[Provided records]:
--- START ---

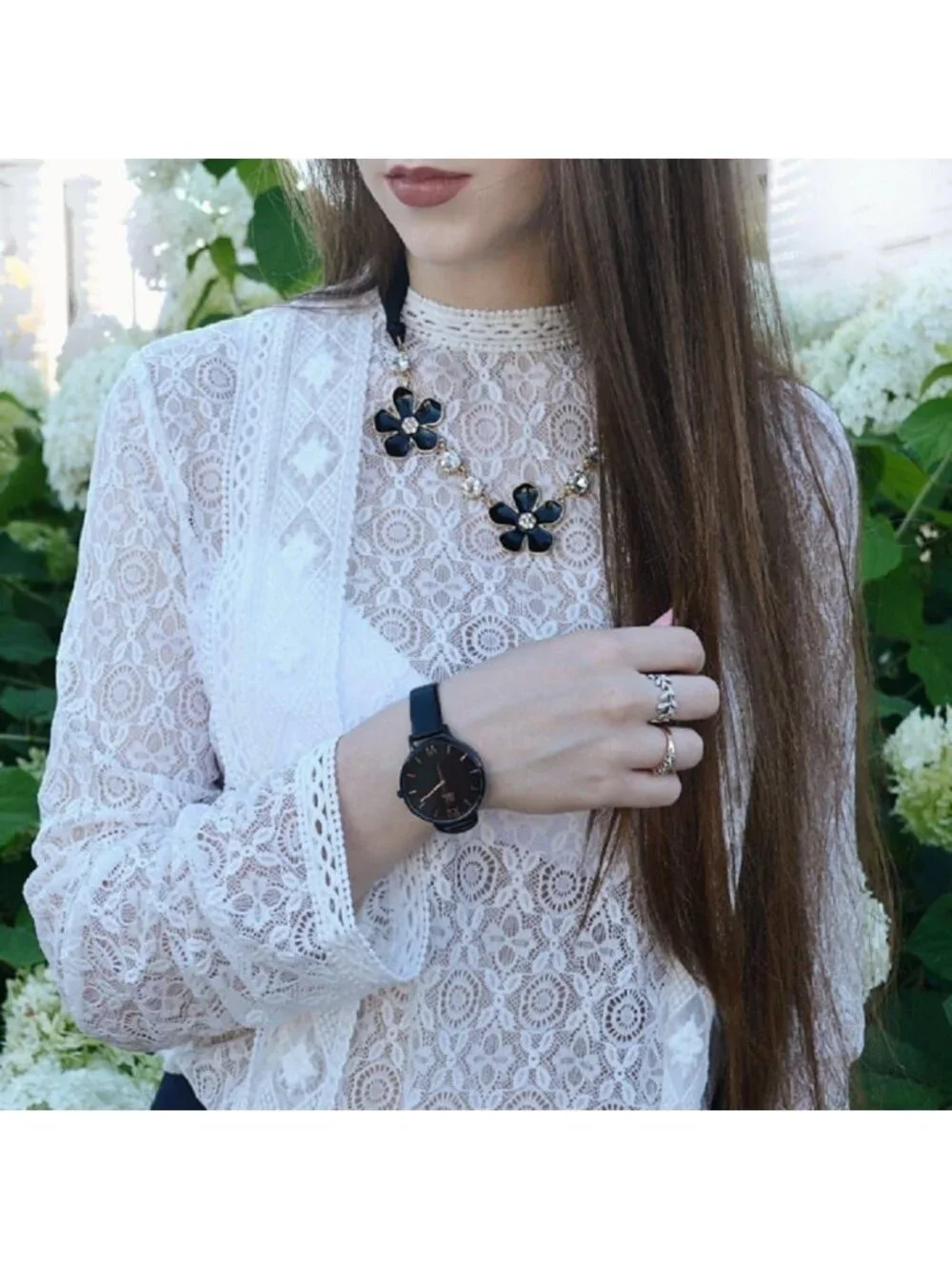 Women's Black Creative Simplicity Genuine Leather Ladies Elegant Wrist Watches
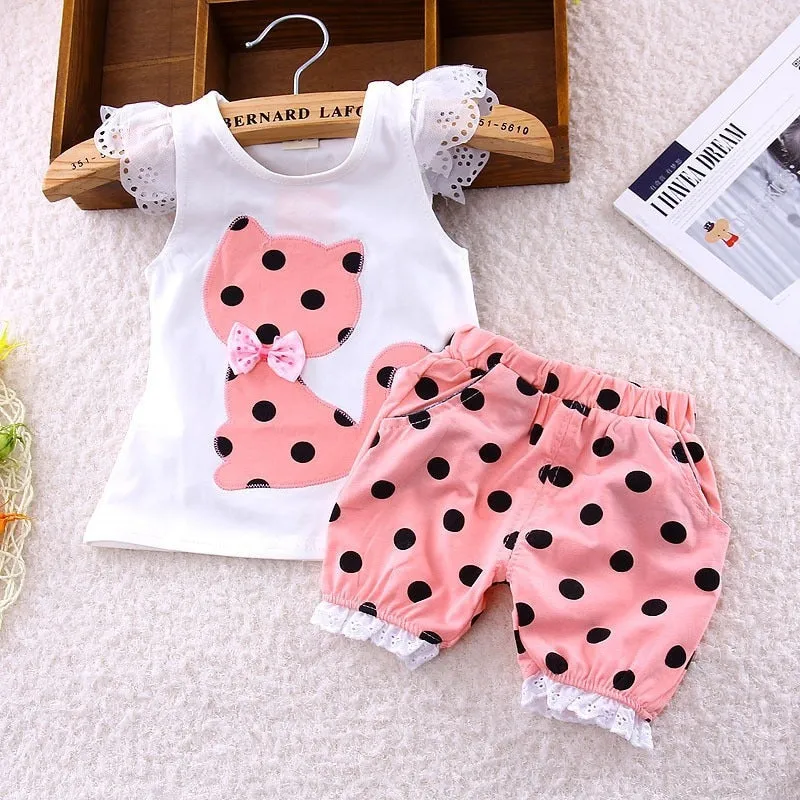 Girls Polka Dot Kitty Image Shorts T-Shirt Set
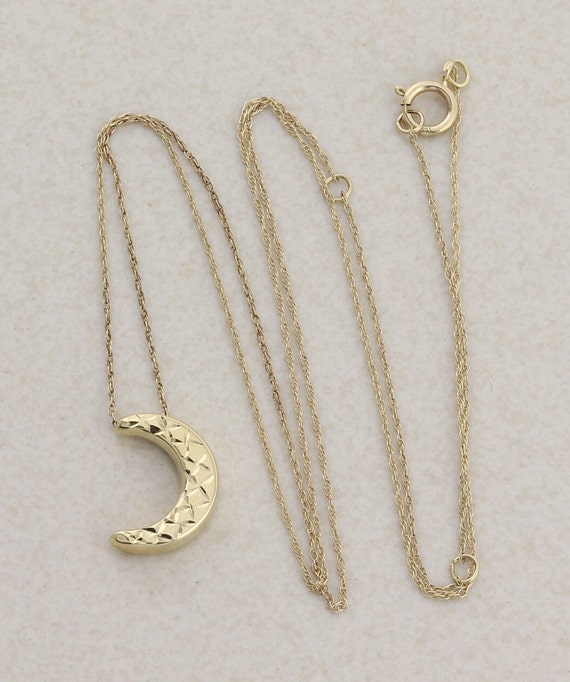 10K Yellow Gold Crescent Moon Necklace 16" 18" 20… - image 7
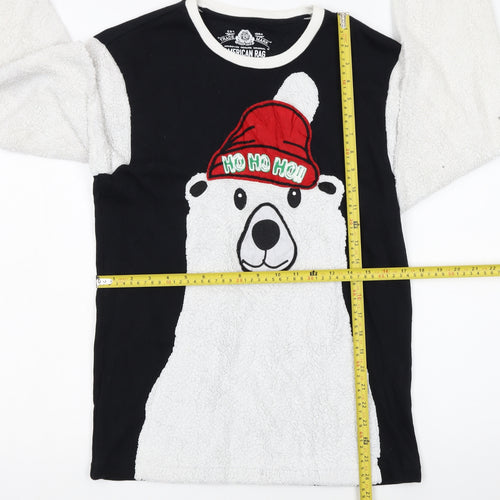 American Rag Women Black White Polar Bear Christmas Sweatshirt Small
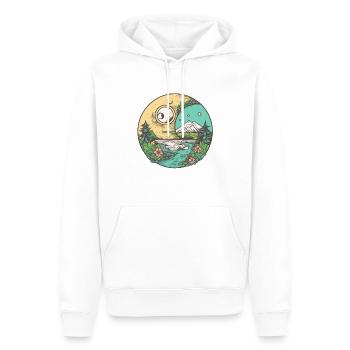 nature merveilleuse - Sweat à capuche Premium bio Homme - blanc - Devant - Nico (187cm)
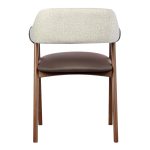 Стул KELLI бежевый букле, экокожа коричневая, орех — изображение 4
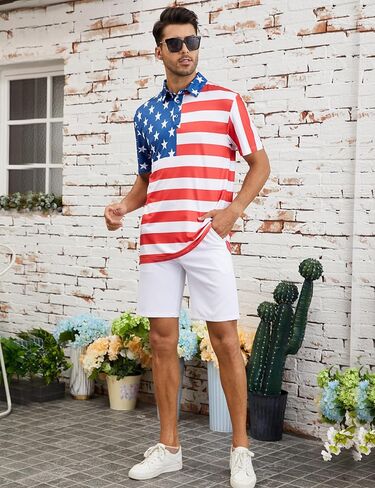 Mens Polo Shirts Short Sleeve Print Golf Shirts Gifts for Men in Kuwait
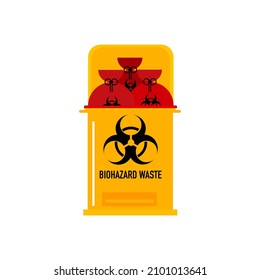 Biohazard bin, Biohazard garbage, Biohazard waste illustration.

--- END ---
--- START ---

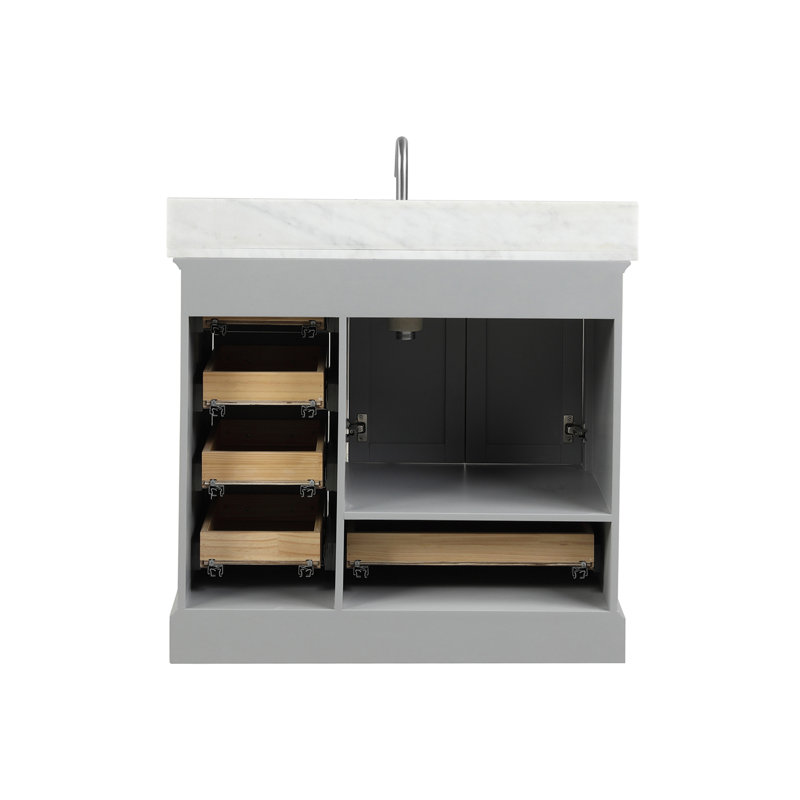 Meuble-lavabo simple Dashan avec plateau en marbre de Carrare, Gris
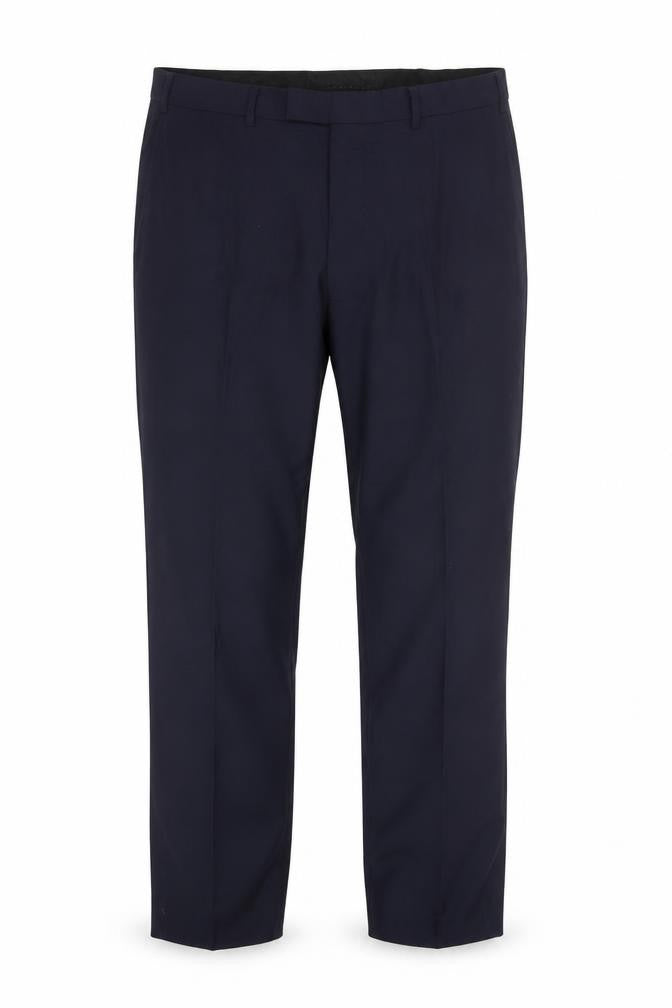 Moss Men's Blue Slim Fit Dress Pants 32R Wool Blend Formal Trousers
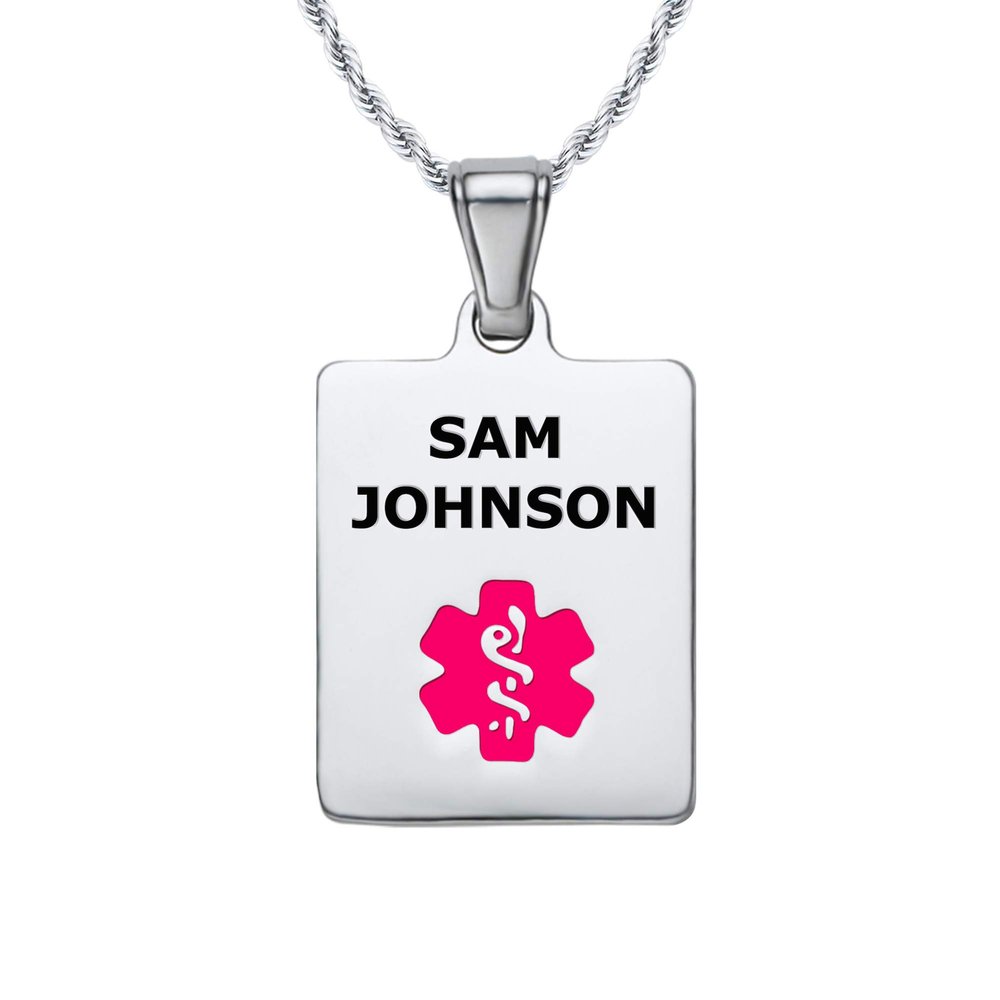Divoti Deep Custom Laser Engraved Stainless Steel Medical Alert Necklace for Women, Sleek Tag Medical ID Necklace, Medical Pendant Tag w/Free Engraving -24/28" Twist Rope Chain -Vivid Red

--- END ---

[Problem details]:
Go to the line above that has "American Rag Women" and copy exactly from there down to the line that has "Стул KELLI бежевый", both included. Leave the pictures out.

[Written response]:
 American Rag Women Black White Polar Bear Christmas Sweatshirt Small
 nature merveilleuse - Sweat à capuche Premium bio Homme - blanc - Devant - Nico (187cm)
 Стул KELLI бежевый букле, экокожа коричневая, орех — изображение 4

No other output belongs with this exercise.